Yelp's acquisition of Qype = MySpace acquiring Friendster:
While planning international Yelp Elite parties in Poland and Singapore are probably time consuming and intensive, someone at the company should probably alert Yelp's management team to the fact that there is a current global economic crisis facing the world. Alan Mulally, the CEO of Ford, seems to understand this as his company mulls the decision of whether to close plants in Europe. Marissa Mayer also seems to understand this as she extricates Yahoo from various overseas positions (as described here and here) and when she indicated that: "We'll stay in markets where we can find growth and exit where we can't." In fact many top companies recognize how difficult markets are in Europe and Asia, which is why they are trying to re-focus on their energies elsewhere. It is entirely unclear exactly why Yelp believes that overseas expansion and acquisitions are a good strategic business move in today's global economic environment.

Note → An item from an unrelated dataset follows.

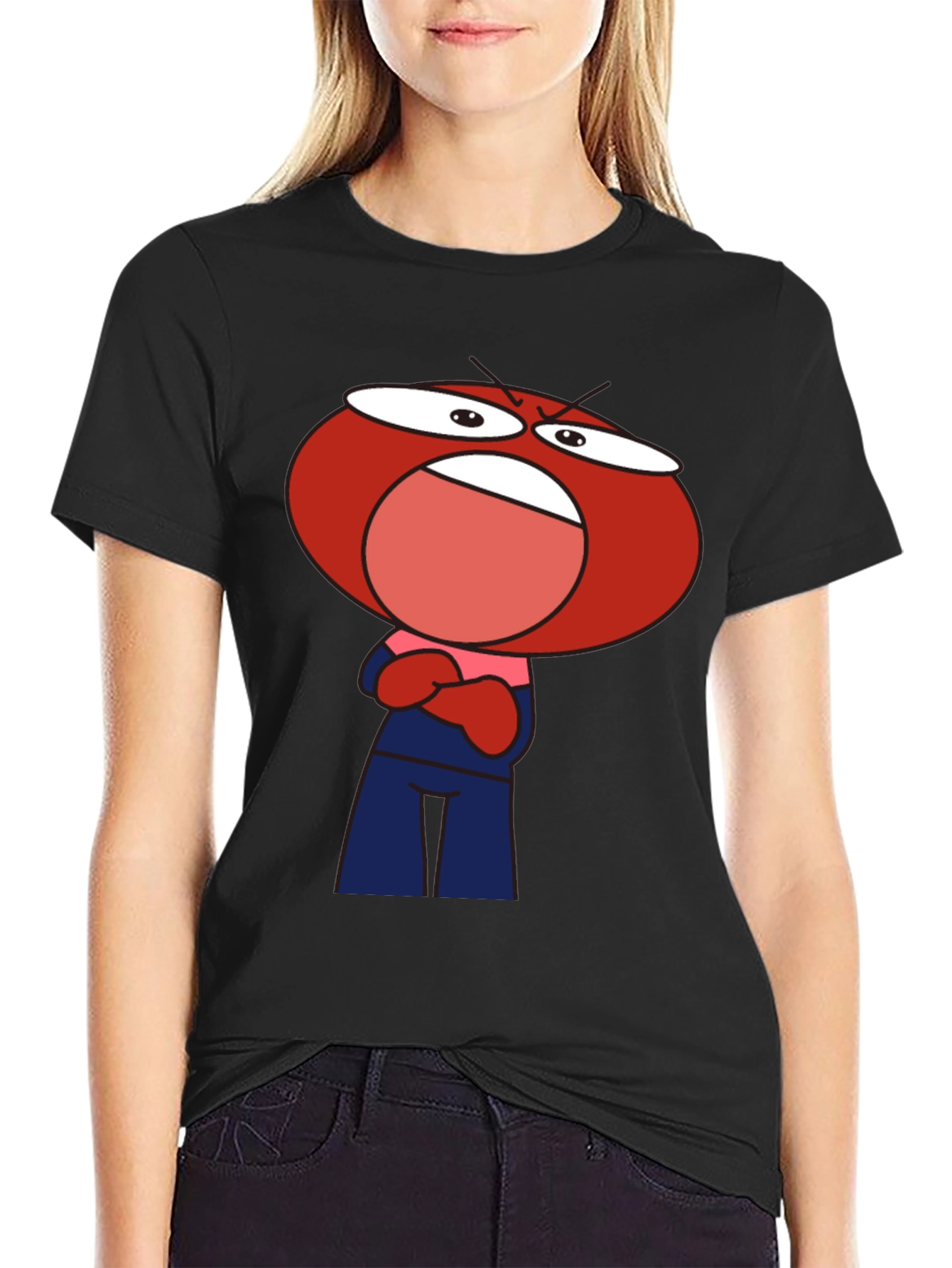 Black Angry Red Head Cartoon T-Shirt view 2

Even more confounding though is Yelp's decision to acquire Qype. While Qype offers Yelp more content by bringing accounts and reviews of more overseas businesses, there is little value to the acquisition beyond that content. The move is strategically no different than if in the early 2000's MySpace announced that it would be acquiring Friendster in an attempt to acquire more accounts and content to compete with Facebook. More importantly, the move is in the opposite direction currently being taken by other internet companies like Yahoo and Facebook. As discussed above, both Facebook and Yahoo understand that in today's market, companies need to be acquiring technology and talent rather than content (since content will come when a company has the right technology and talent). It appears that since Yelp is unable to compete with the other companies for the technology and talent necessary to be successful, it has been relegated to settle for content acquisitions in an attempt to convince investors that it has a viable future as a standalone company.
The stock price spike generated by Yelp's pre-earnings announcement on October 24, 2012 completely evaporated after many investors had time to digest the information generated by the earnings reports of Yahoo, Facebook, along with the pre-earnings announcement from Yelp.
Some investors may decide to hold onto their position in Yelp until November 1, 2012 to hear what the company's management has to say on its quarterly earnings call. They may be clinging to the hope that the future of Yelp, after four straight quarters of unprofitability, will hinge on information to be provided during that call. Those investors should be wary though, because not only must those answers be good, they must be believable. Of course some Yelp shareholders, like Jeremy Stoppleman (Yelp's CEO), and Geoffrey Donaker (Yelp's COO), seem to have realized that bubbles swell before they burst and have timed (as seen here and here) their exit points appropriately.
And of course for all of the rest of those looking to make money off of Yelp, it appears that the company is willing to pay millions to acquire other online review sites. Those with the right kind of gumption to start their own business might find this as an attractive alternative. Remember though, for those who choose to go this route, when closing the deal with Yelp, make sure the sale is consummated with all cash and no stock.
Disclosure: I am short YELP. I wrote this article myself, and it expresses my own opinions. I am not receiving compensation for it (other than from Seeking Alpha). I have no business relationship with any company whose stock is mentioned in this article.
Additional disclosure: I am long Yelp puts without any position in the underlying equity, meaning that I have a negative outlook on the company. Nothing in this article should be construed as legal advice and all the information represents the sole opinion of the author.